Référence :  Yasmina Reza, Serge, éditions Flammarion, 240 pages, janvier 2021

         

La romancière et dramaturge Yasmina Reza publie cette fois Serge, un roman en forme de chronique familiale mêlant tragique et comique, qui trace avec un humour décalé les rapports d'une fratrie de trois frères et soeurs, Serge, Jean (le narrateur) et Nana Popper. Elle amorce, à parmi de cette trame, une réflexion sur la famille, en l'occurrence la famille des Popper, famille juive non-pratiquante originaire de Hongrie, avec une approche personnelle du thème de la mémoire. 

               

Un roman empreint de nostalgie pour cette famille, du temps où la mère vivait encore : « Chez ma mère, sur sa table de chevet, il y avait une photo de nous trois rigolant enchevêtrés l’un sur l’autre dans une brouette. C’est comme si on nous avait poussés dedans à une vitesse vertigineuse et qu’on nous avait versés dans le temps. »
           

Depuis le décès de la mère, les choses se sont délitées parce qu'elle en était le pivot, elle tenait « la baraque de bric et de broc » mais elle vient de mourir d'un cancer, dans sa chambre, dans ce lit médicalisé, qui lui a « cloué le bec ».
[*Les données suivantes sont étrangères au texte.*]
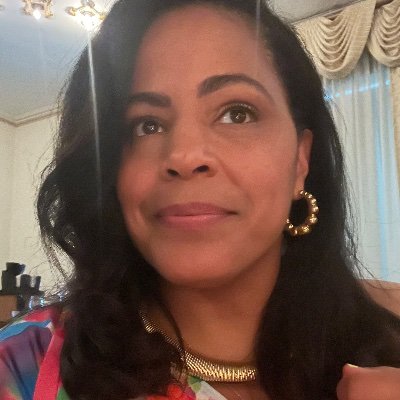 CarrieBanks10's profile picture. 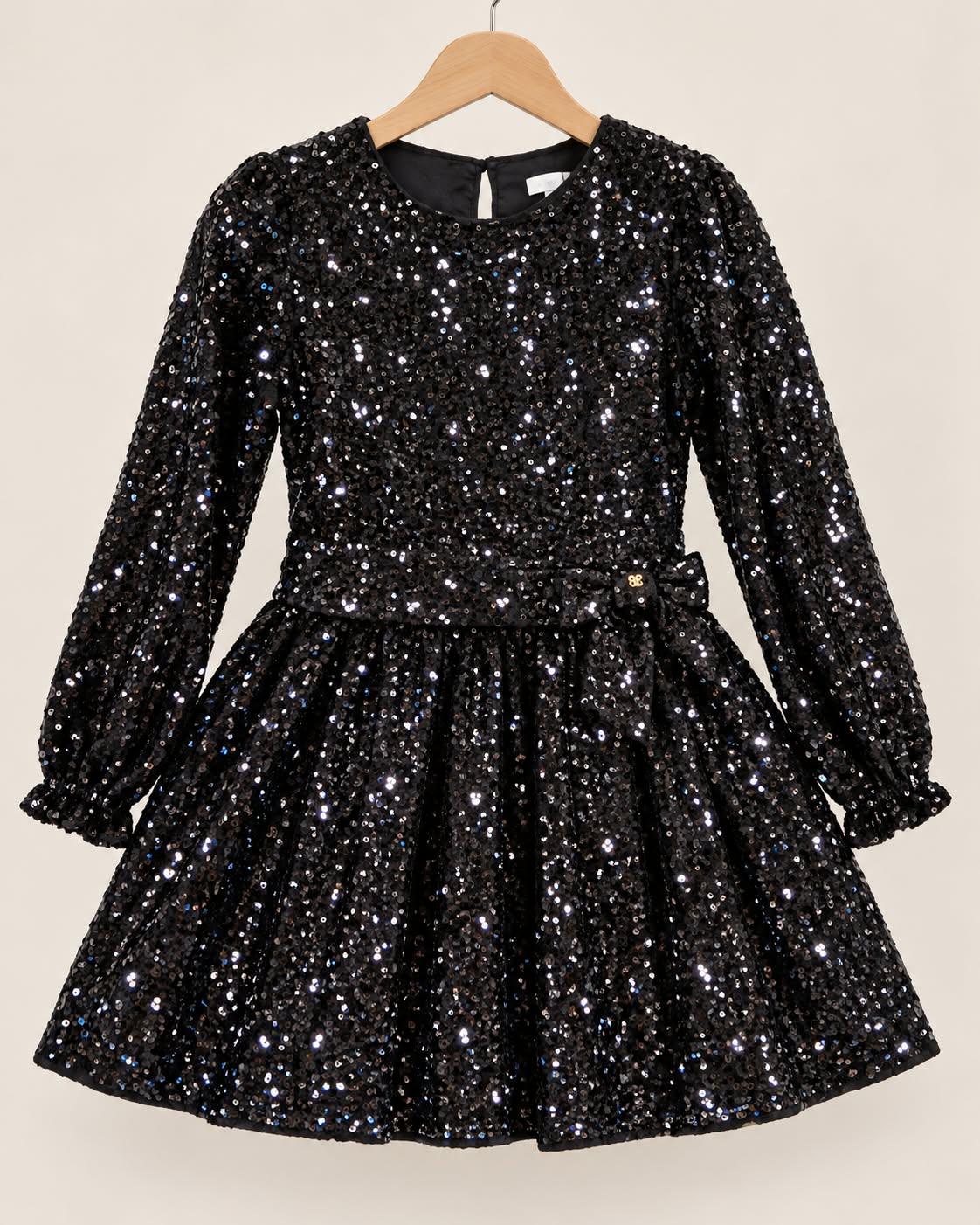 Abito nero paillettes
Sa pièce Bella Figura au théâtre de Ménilmontant

Les derniers jours de la mère ont été ponctués par les journaux télés, « c’était quatre jours après l’attentat du Marché de l’Avent à Vivange-sur-Sarre », des images qui défilaient et après d'autres images, de la pub cette fois, ce commentaire débile de la correspondante, « La vie reprend ses droits même si bien sûr plus rien ne sera comme avant. » Serge, lui, pense que « tout sera comme avant. En vingt-quatre heures. »

               

On a dit de ce roman qu'il était le roman du milieu : une fratrie au milieu de sa vie, Jean le narrateur au milieu de la fratrie et la visite clé du camp d'Auschwitz-Birkenau marquant le milieu du récit.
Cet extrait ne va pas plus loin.